Can science research and the government be best friends? The Obama Administration sure thinks so.
On Friday, January 30th the White House released its plans for Obama’s Precision Medicine Initiative, a $215 million effort to propel researchers to develop new, more personal methods to treat patients. This venture is Obama’s second major health science initiative, after announcing the Brain Research Through Advancing Innovative Neurotechnologies (or the BRAIN initiative) in April 2013.
If realized, the Personal Medicine Initiative has the potential to be as revolutionary as was the mapping of the human genome more than a decade ago, and for this reason, such a decision should be highly applauded.
At the core of precision medicine, an ongoing area of research, is the belief that there are no one-size-fits-all treatments or medications. A treatment approach that heavily relies on the data from personalized genomics, Obama argues, would better treat patients. “The potential for precision medicine to improve care and speed the development of new treatments has only just begun to be tapped,” the White House noted. “Translating initial successes to a larger scale will require a coordinated and sustained national effort.”
The $215 million dollars are meant to be spent helping the National Institutes of Health to develop a one million volunteer research cohort for “open, responsible data sharing” that will serve as the backbone for this project, help the Food and Drug Administration and the Office of National Coordination for Health Information Technology for Economic and Clinical Health to advance database structure, coordination, and privacy, and aid the National Cancer Institute in delving deeper into personalized genomics.

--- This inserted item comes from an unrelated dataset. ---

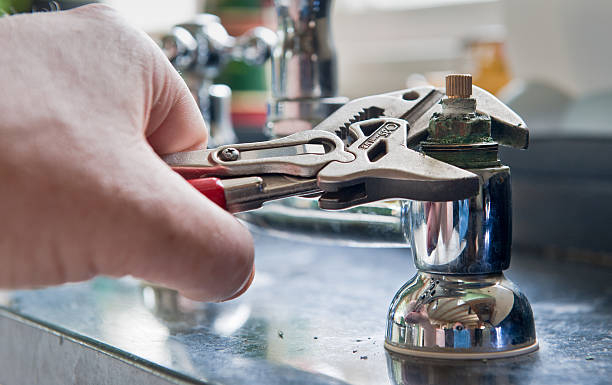 Best Mold removal after water damage  in Pleasant Hills, PA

Some skeptics, like Dr. Michael Joyner of the Mayo Clinic, have argued that the precision medicine effort is misleading–stating that it is perhaps better to spend this money “understanding what it takes to solve messy problems about how humans behave” because “we almost certainly have more control over how much we exercise, eat, drink and smoke than we do over our genomes.” And though this statement is true–we are not the masters of our genetic destinies–it doesn’t mean that we shouldn’t spend our resources trying to understand our diseases through a personalized, genetic approach.

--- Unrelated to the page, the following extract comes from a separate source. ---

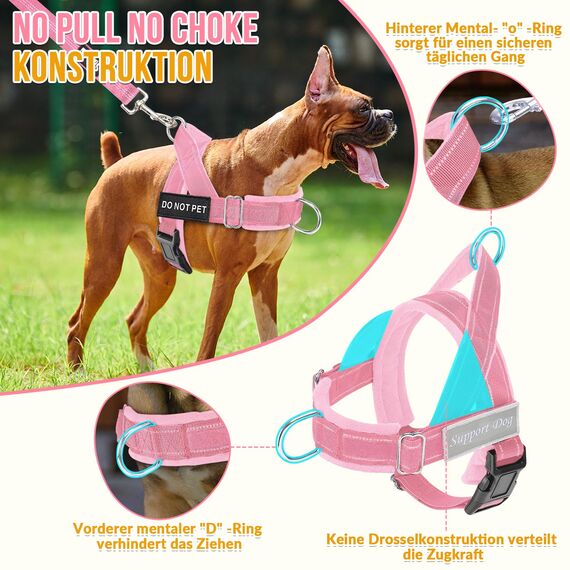 Eyein Hundegeschirr mit Leine für große mittelgroße Hunde, Weich gepolsterter Brustgeschirr mit 2 Leinenclips, Reflektierend & Leichtgewicht Anti Zug Geschirr für Spaziergänge Training, Rosa, L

Government investment in science is a duty; societal advances depend a lot on the course of research, innovation, and technology. As Obama mentioned, the CDC’s polio eradication efforts allowed the U.S. to be polio free by 1979. Having a government that recognizes the importance of scientific and health endeavors is crucial to our future health. The memories of the 2013 budget cuts that NIH faced and the 16-day government shutdown that October which led 75% of the NIH workforce to put its work on pause demonstrates the negative consequences of governmental budget cuts to science research. If anything, the $215 million initiative reaffirms America’s dedication to science. Furthermore, during an increasingly difficult time of cooperation between the Democrats and Republicans, having bipartisan support for something like the Personalized Medicine Initiative is highly valuable for the country.
The important thing to keep in mind here is that without looking, we don’t really know what we are missing out on. The personalized genomics approach may well end up proving to be an extremely difficult and resource consuming path to go down, but, if executed properly, it should prove to be a worthwhile investment.
Risham Dhillon ’18 is a Crimson editorial writer living in Stoughton Hall.